Further down are entries; set down exactly and only the lines from the one with "USED 2012 JOHN DEERE GATOR XUV 625I" up to and including the one with "Škoda Fabia (2025)", dropping each picture.

[Records for the task]
--------------------------------
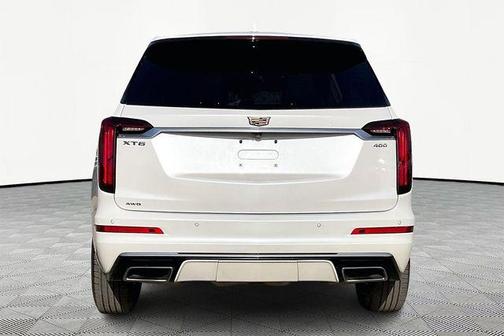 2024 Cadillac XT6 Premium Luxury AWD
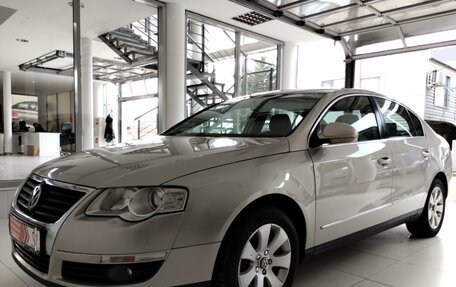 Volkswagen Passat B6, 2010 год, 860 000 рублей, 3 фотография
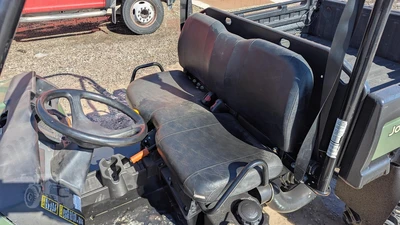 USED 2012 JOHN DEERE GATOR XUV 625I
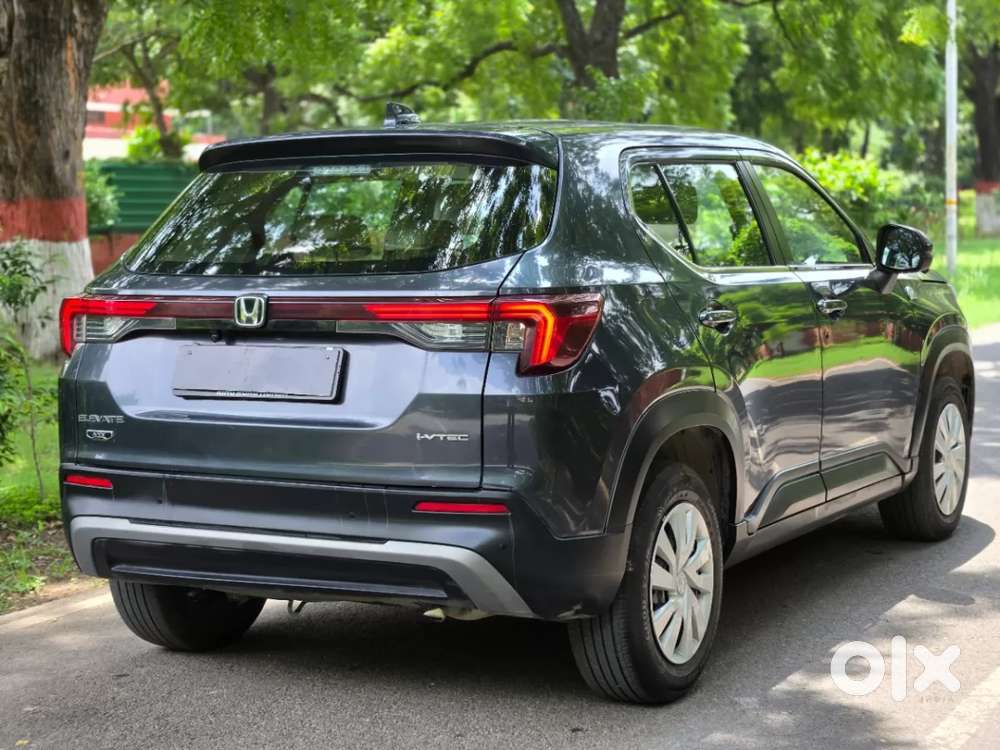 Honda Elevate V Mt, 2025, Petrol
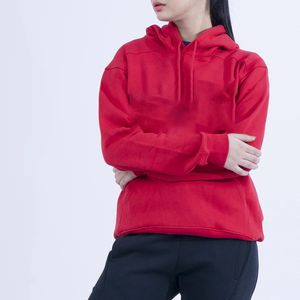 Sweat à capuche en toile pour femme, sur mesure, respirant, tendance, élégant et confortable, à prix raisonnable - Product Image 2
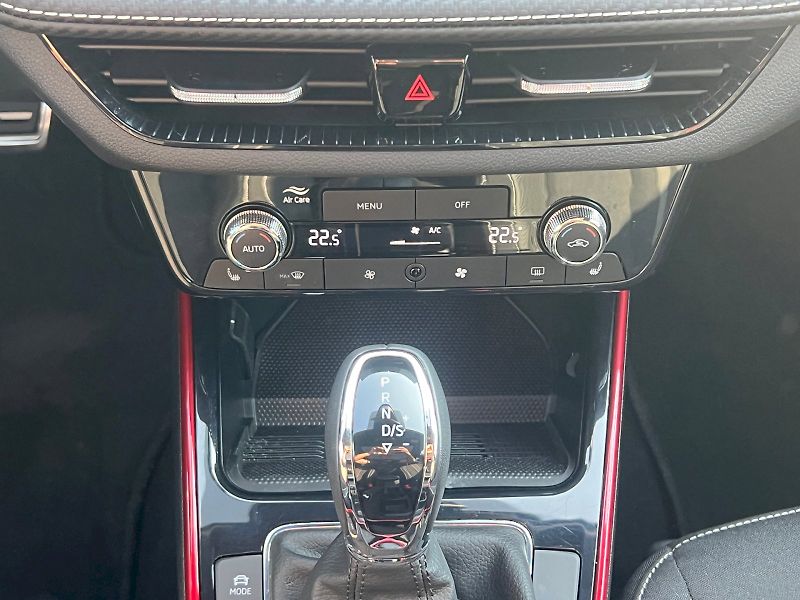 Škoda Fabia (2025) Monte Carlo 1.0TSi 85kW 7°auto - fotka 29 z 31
--------------------------------
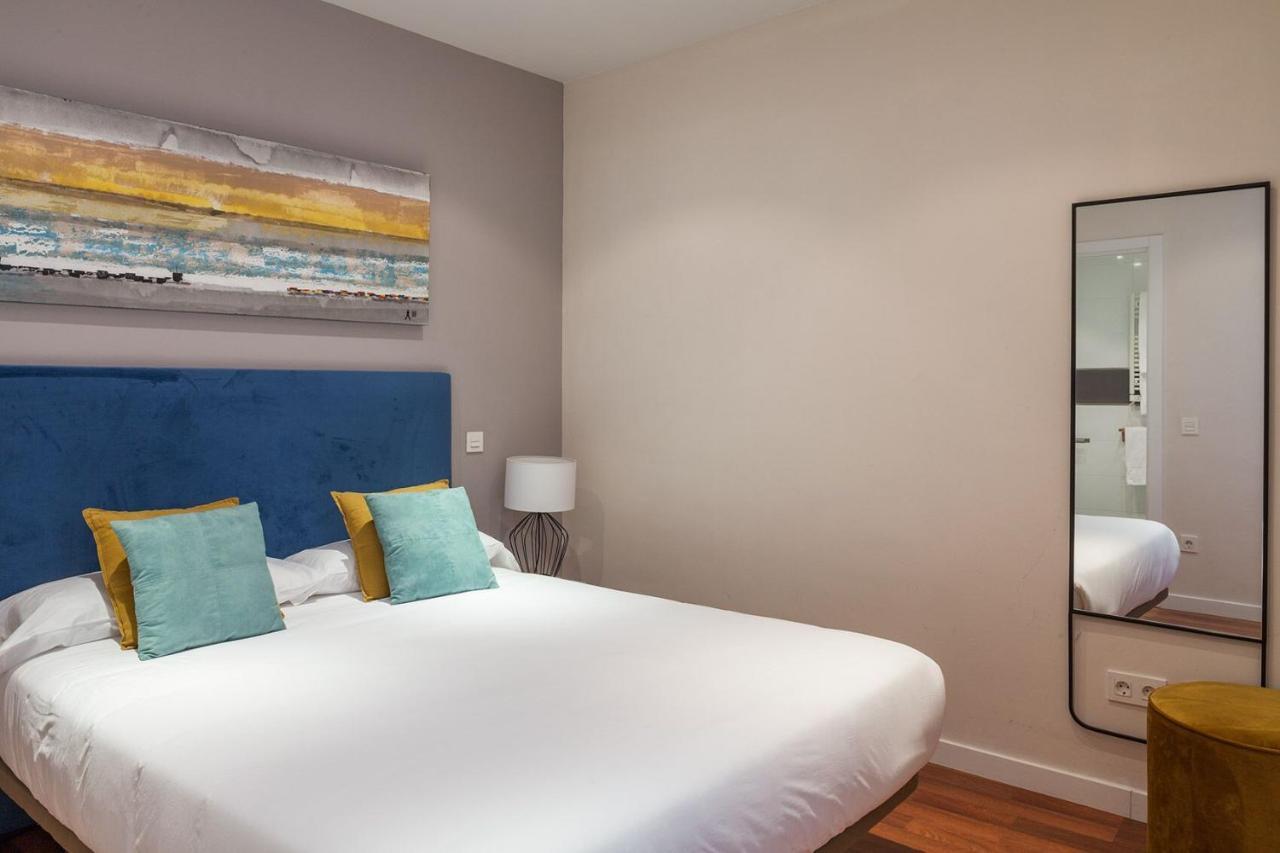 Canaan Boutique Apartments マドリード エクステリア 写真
--------------------------------
[Reply to the exercise]
 USED 2012 JOHN DEERE GATOR XUV 625I
 Honda Elevate V Mt, 2025, Petrol
 Sweat à capuche en toile pour femme, sur mesure, respirant, tendance, élégant et confortable, à prix raisonnable - Product Image 2
 Škoda Fabia (2025) Monte Carlo 1.0TSi 85kW 7°auto - fotka 29 z 31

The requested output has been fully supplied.